Hey guys! I had a sleepover with my friends from college yesterday, which is the same day as Malaysia's Independence Day! *Mac book showing Malaysia's flag, oh yeah* Funny story, Kimora Lee Simmons even wished Malaysia Happy Independence Day through Twitter, I almost die!
The main focal point of our sleepover agenda was baking. We made chocolate ganache cupcakes!!! Probably the easiest ganache I've ever made, no tempering required! We followed the recipe on the food network website. It's super rich and decadent, definitely worth to try! I pasted the recipe below.
*Fail attempt at decorating, we sprinkled chocolate malt powder on top of the ganache, still yummy though*
- 1/4 pound unsalted butter, at room temperature
- 1 cup sugar
- 4 extra-large eggs, at room temperature
- 16 fluid ounces chocolate syrup (recommended: Hershey's)
- 1 tablespoon pure vanilla extract
- 1 cup all-purpose flour
For the ganache:
- 1/2 cup heavy cream
- 8 ounces good semisweet chocolate chips
- 1 teaspoon instant coffee granules
- Candied violets, for decoration, optional
Line muffin pans with 12 paper liners. Preheat the oven to 325 degrees F.

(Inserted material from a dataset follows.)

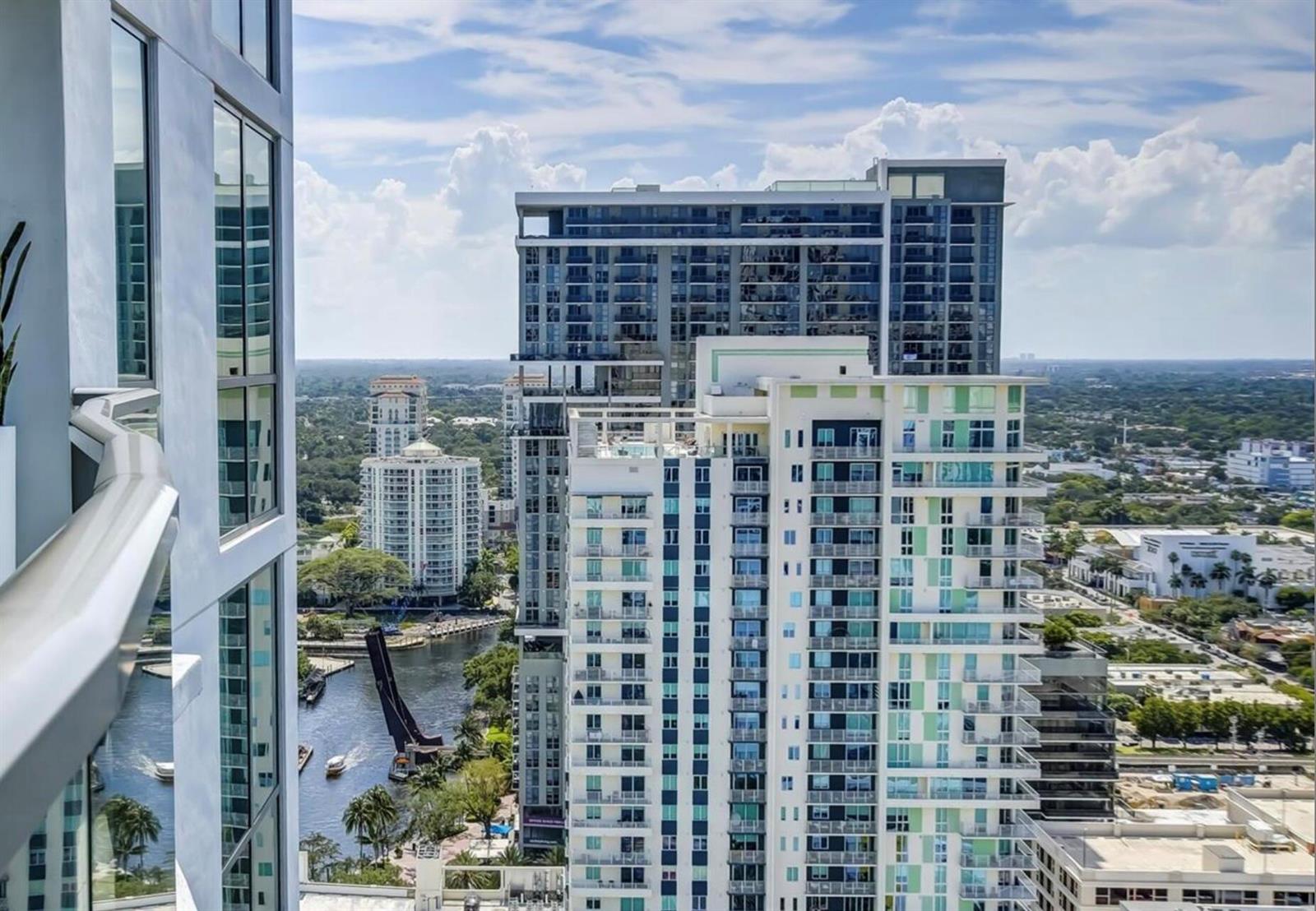 An elevated view of modern high-rise apartment buildings overlooking a river and city landscape — 100 E Las Olas Boulevard # 2802, Fort Lauderdale FL 33301, FORT LAUDERDALE, FL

Cream the butter and sugar in the bowl of an electric mixer fitted with the paddle attachment until light and fluffy. Add the eggs, 1 at a time. Mix in the chocolate syrup and vanilla. Add the flour and mix until just combined. Don't overbeat, or the cupcakes will be tough.
Scoop the batter into the muffin cups and bake for 30 minutes, or until just set in the middle. Don't overbake! Let the cupcakes cool thoroughly in the pan.
For the ganache, cook the heavy cream, chocolate chips, and instant coffee in the top of a double boiler over simmering water until smooth and warm, stirring occasionally.